每個節點（上圖中的N1…Nn）與可用性區域具有關聯性，並且與該區域中的redis伺服器進行通訊。
Dynomite / Redis節點一次只能提供一個請求，Dynomite可以允許數千個並發連接，但是請求是由Redis中的單個執行緒處理，這確保了當發出兩個並發調用從隊列輪詢元素時，是由Redis伺服器順序執行，從而避免任何本地或分散式鎖。
在發生故障轉移的情況下，確保沒有兩個客戶端連接從隊列中獲取相同的消息。

0x04 防止消息丟失

4.1 消息丟失的可能

4.1.1 生產者弄丟了數據

生產者將數據發送到 MQ 的時候，可能數據就在半路給搞丟了，因為網路問題啥的，都有可能。

比如，如下就是簡單的插入，缺少必要的保證。

List pushed_msgs = V1Queue.push(payloads);

4.1.2 MQ 弄丟了數據

這種情況就是 MQ 自己弄丟了數據，這個你必須開啟MQ 的持久化，就是消息寫入之後會持久化到磁碟，哪怕是 MQ 自己掛了，恢復之後會自動讀取之前存儲的數據，一般數據不會丟。

4.2 Dyno-queues 保證

Dyno-queues 使用ensure來確認消息完全寫入到所有分區。

簡單來說，就是:

對於所有分區，逐一進行：”寫數據（就是message id），讀出寫入的數據” 這樣的操作。

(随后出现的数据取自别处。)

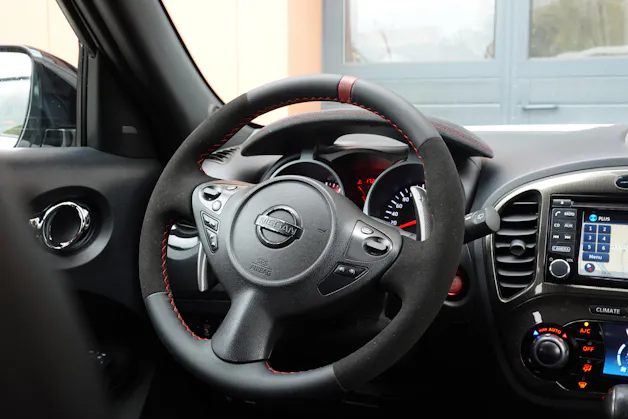 NISSAN Juke 1.6 DIG-T Nismo RS 4x4 "* CH Auto * Sièges Recaro * Black Edition * Interieur Alcantara * Tempomat *"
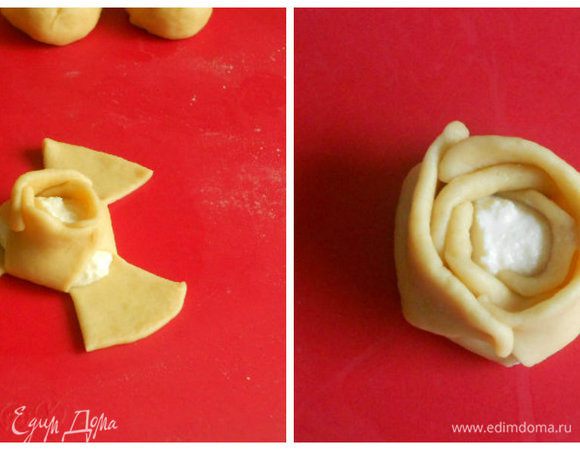  Затем точно также соединить в наружный круг оставшиеся 3 лепестка. Нужно хорошо прижимать тесто, иначе при выпечке "лепестки" распадутся. 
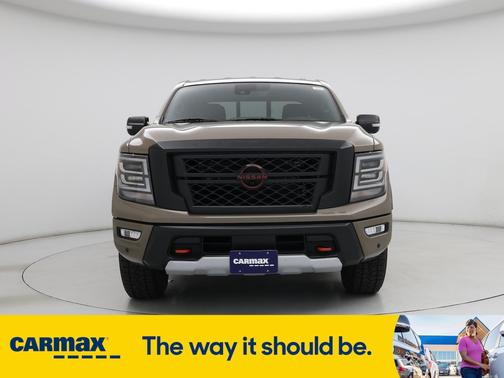 2024 Nissan Titan Platinum Reserve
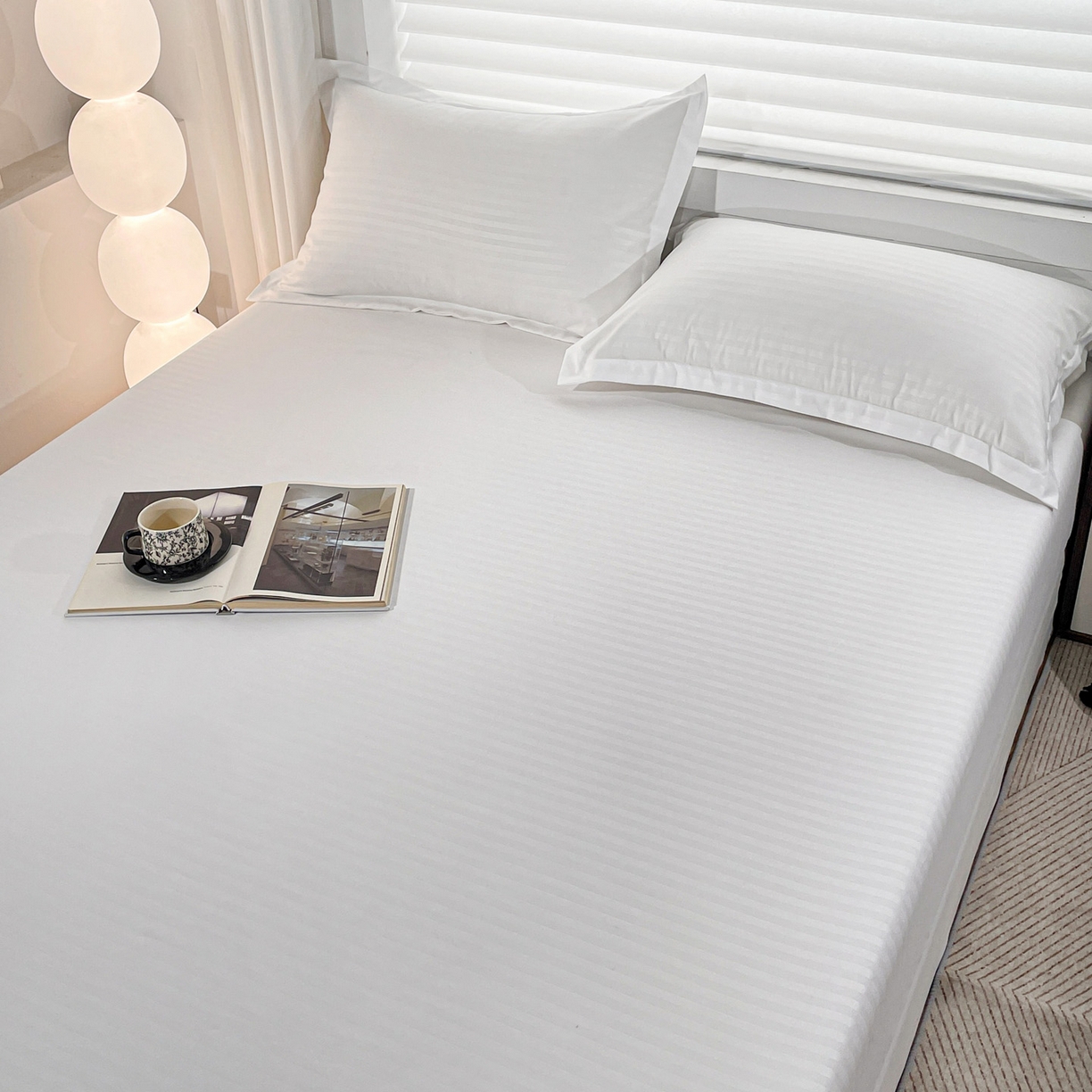 91家纺网 家纺一手货源 找家纺 恬澳家纺 2025新款简约磨毛压花床笠外贸跨境电商亚马逊速卖通单床笠三件套欧美尺寸多多跨境平台-场景二 条纹-白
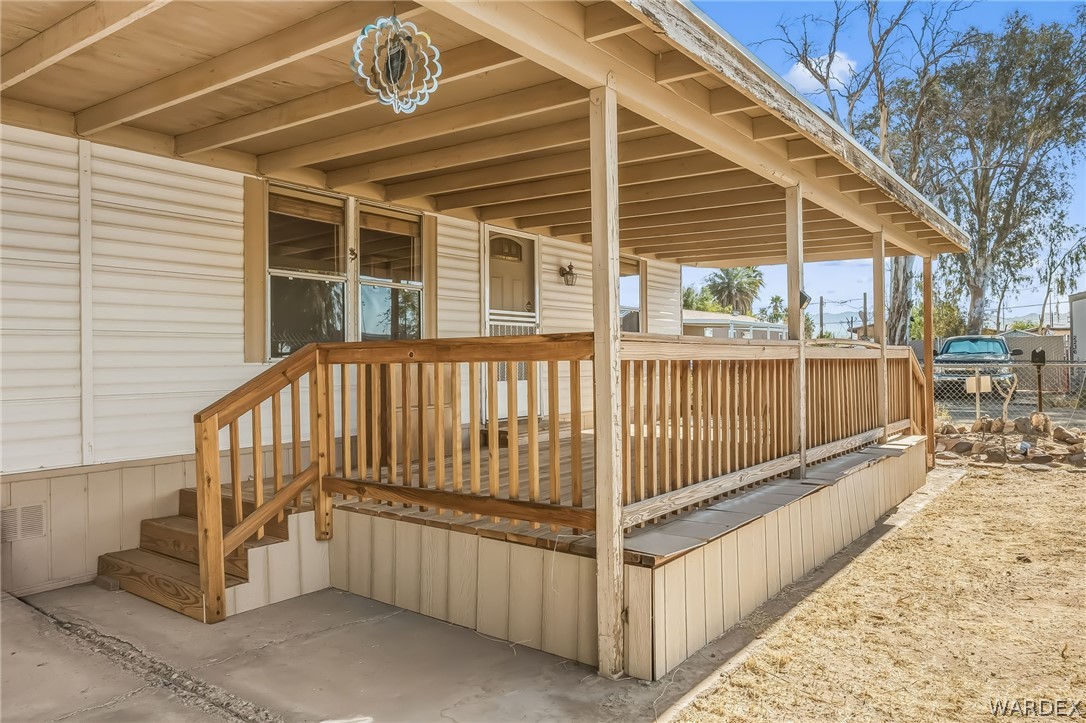 2233 Ventura Drive
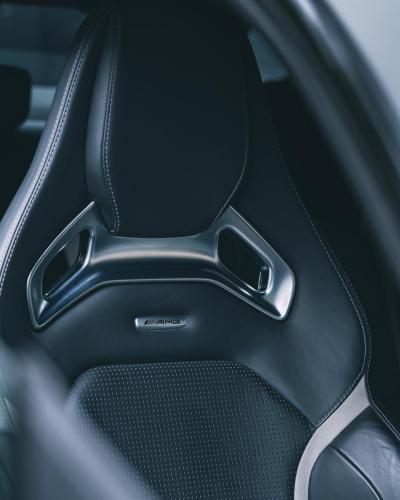 MERCEDES C63S Image 9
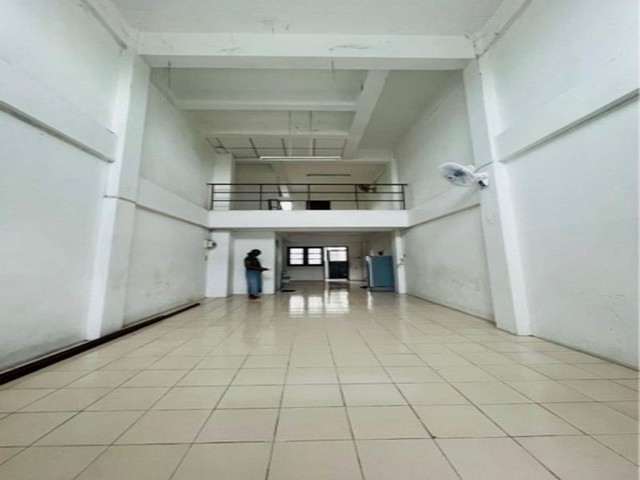 ให้เช่า อาคารพาณิชย์ เส้นศรีราชา-หนองค้อ ทำเลดี ติดถนนหลัก TP-C1843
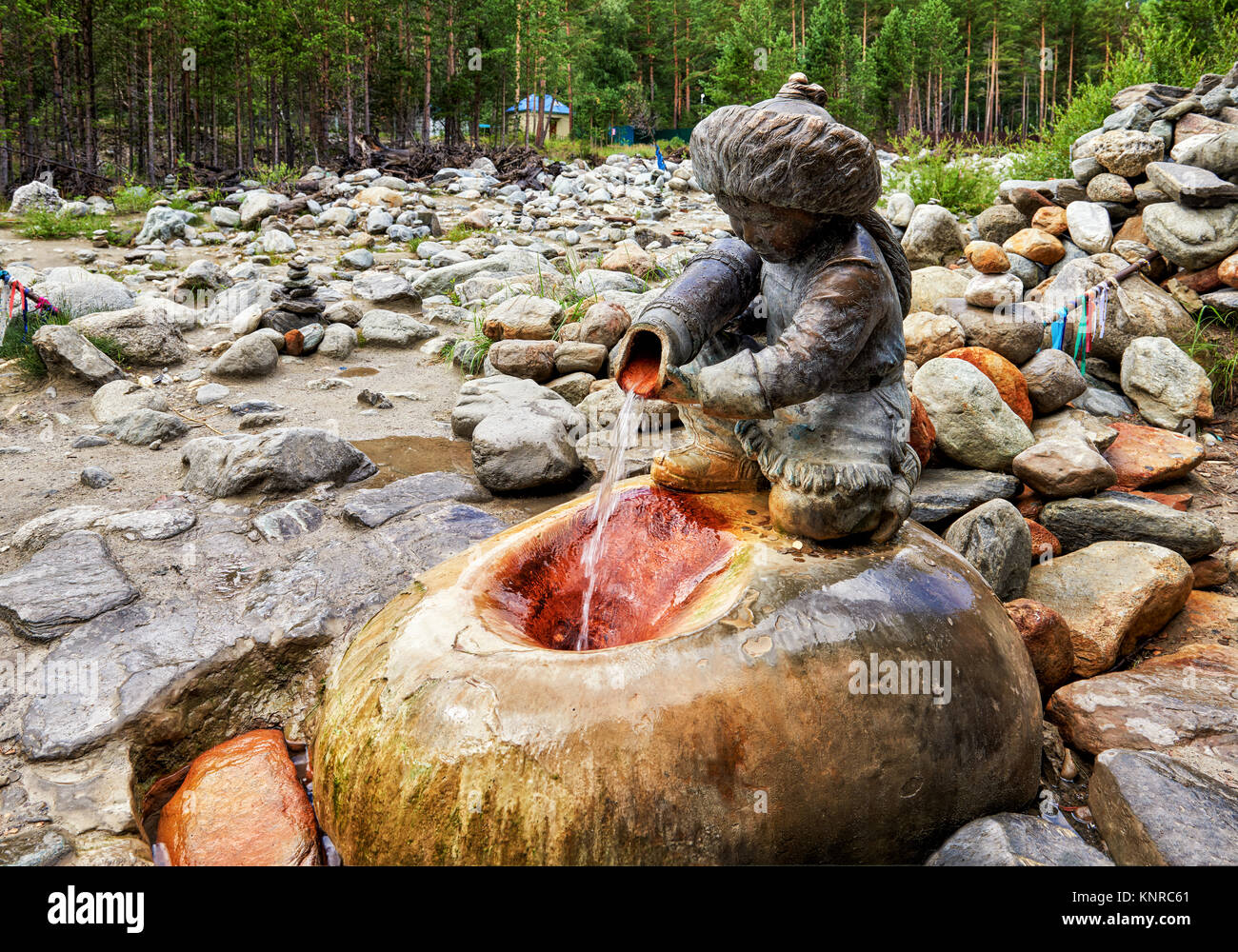Arschan, BURJATIEN, Russland - Juli 17, 2017: Skulptur 'Junge mit einem Krug "aon Mineralquelle Hubuun. Heilende Wasser fließt direkt aus Krug sculp Stockfoto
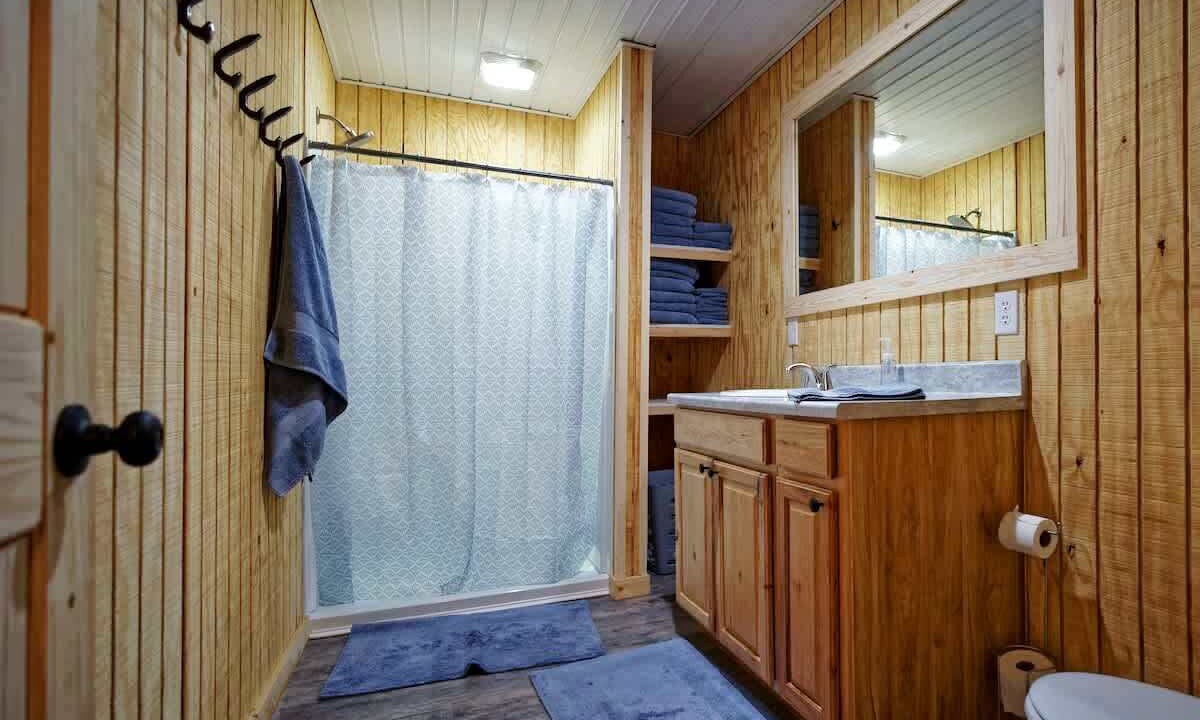 Photo of Bathroom in Welch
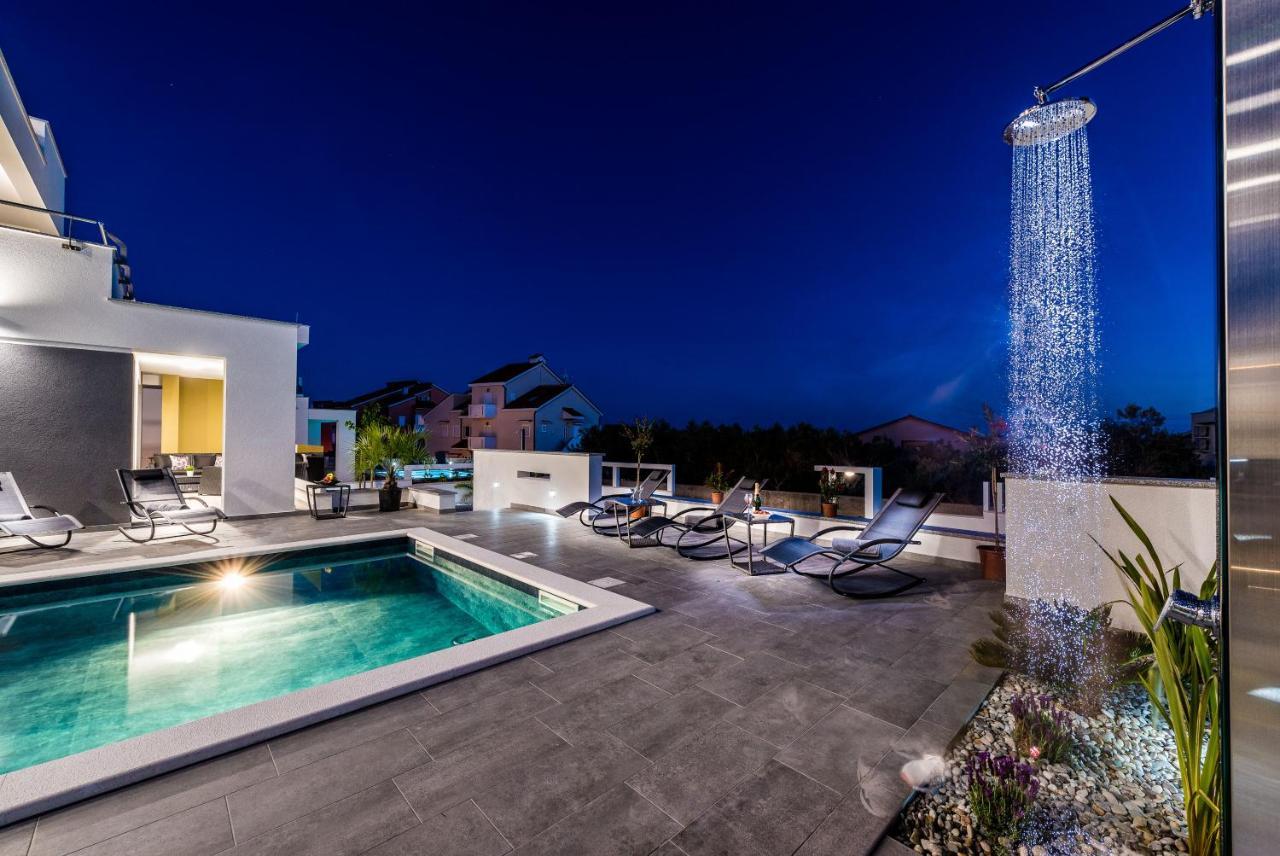 Villa Magnifica Apartments With Pool Novalja Dış mekan fotoğraf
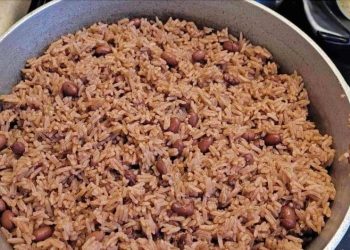 Rice and Beans: Pollo Beliceño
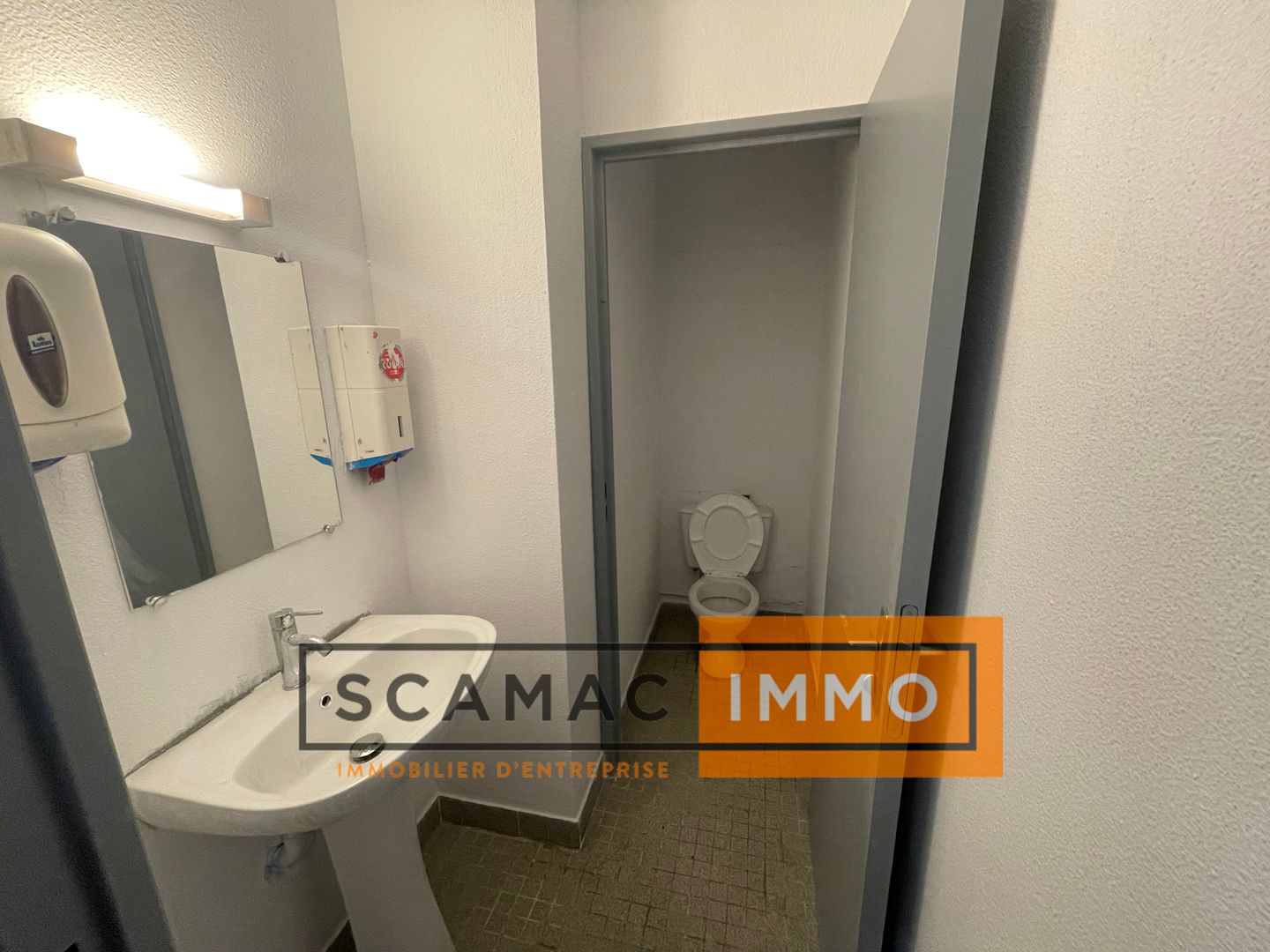 local d'activités de 330m², Marseille 11 (Bouches-du-Rhône)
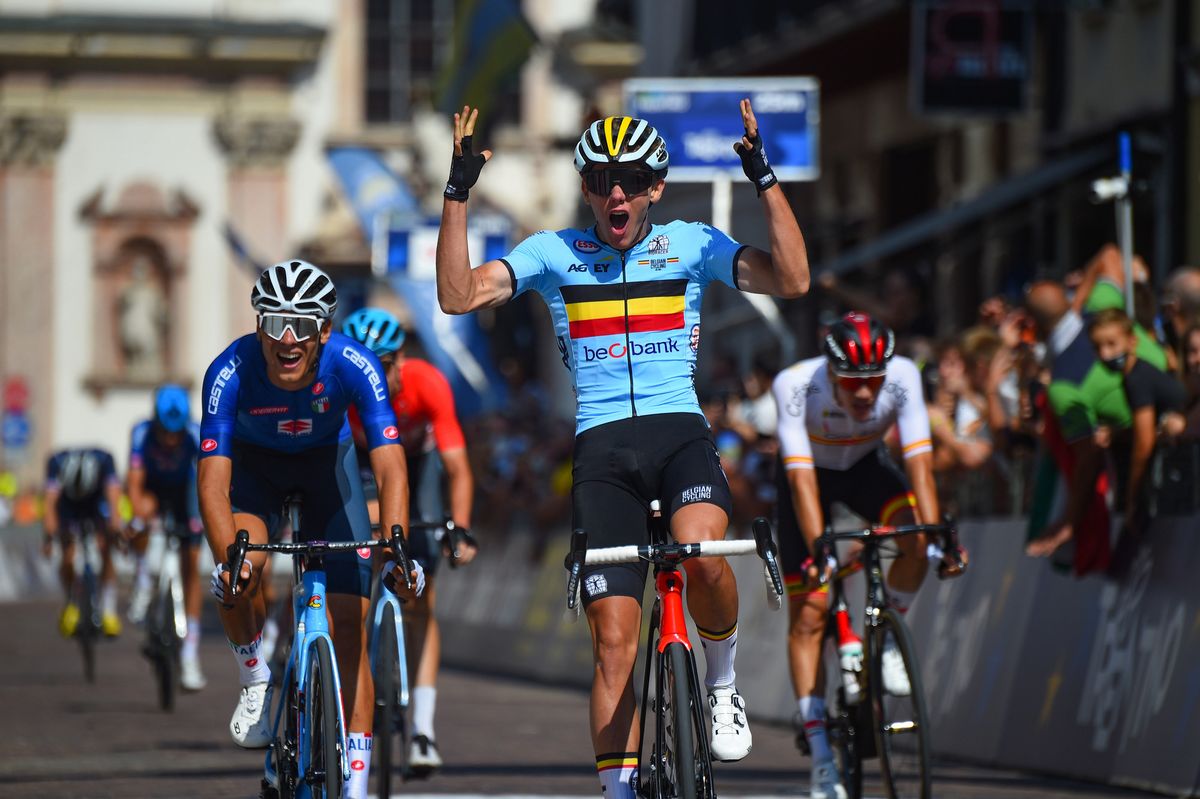 Thibau Nys celebrates his Under 23 European road race win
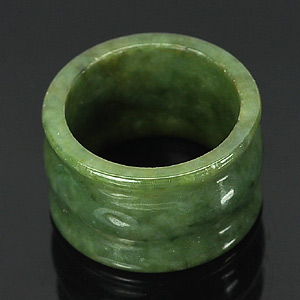 39.48 Ct. Natural Green Ring Jade Size 9.5 Unheated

如果有一個分區寫出錯，就返回失敗。
如果把 message id 都已經寫入到所有的分區，再寫入消息內容。

Enqueues ‘message’ if it doesn’t exist in any of the shards or unack sets.

@Override
public boolean ensure(Message message) {
    return execute("ensure", "(a shard in) " + queueName, () -> {

        String messageId = message.getId();
        for (String shard : allShards) {

            String queueShard = getQueueShardKey(queueName, shard);
            Double score = quorumConn.zscore(queueShard, messageId);
            if (score != null) {
                return false;
            }
            String unackShardKey = getUnackKey(queueName, shard);
            score = quorumConn.zscore(unackShardKey, messageId);
            if (score != null) {
                return false;
            }
            
        }
        push(Collections.singletonList(message));
        return true;
    });
}

0x05 過期消息

針對過期消息，Dyno-queues 的處理方式是一次性找出過期消息給用戶處理，其中過期時間由用戶在參數中設定。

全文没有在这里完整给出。